New York City was first with it’s No-Idling laws, but the UK, it seems, won’t settle for #2.
Unless of course it’s the #2 (Human waste) that just happens to be fueling the first-of-its-kind city bus. The 40-seater Bio-Bus runs on fuel generated from treated sewage and food waste and helps improve urban air quality as it produces fewer emissions than traditional diesel engines. The bus can travel up to 200 miles on a full tank of gas generated at Bristol sewage treatment works – a plant run by GENeco, a subsidiary of Wessex Water. Up to 10,000 passengers are expected to travel on the Bio-Bus each month.
It’s not petrol, bio-diesel or natural gas. It’s Biomethane, and can even be used to power up to 8,500 homes, and although the bus’s graphics seem to imply it’s a moving shitter, the fuel is actually a product of Bristol sewage treatment, which treats around 75 million cubic meters of sewage waste and 35,000 tons of food waste through a process known as anaerobic digestion. The waste is collected from households, supermarkets and food manufacturers every year.

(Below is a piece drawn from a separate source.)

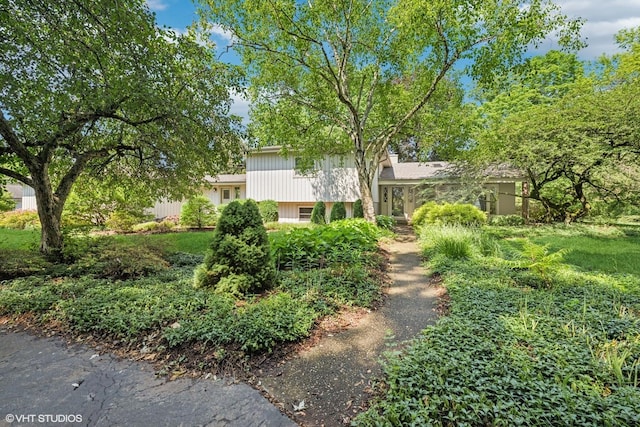 180A Old Sutton Rd, Barrington Hills, IL 60010 - photo 1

“GENeco Bio-Bus is an excellent demonstration of biomethane’s unique benefits; decarbonizing areas other renewables can’t reach,” says Charlotte Morton, chief executive of the Anaerobic Digestion & Bioresources Association (@adbioresources). “A home-generated green gas, biomethane is capable of replacing around 10% of the UKs domestic gas needs and is currently the only renewable fuel available for HGVs.
Although the Bio-Bus is new, in 2010, GENeco powered a car on biomethane produced during the sewage treatment process. The Bio-Bug was used in various trials to see how viable it was to power a vehicle on sewage gas.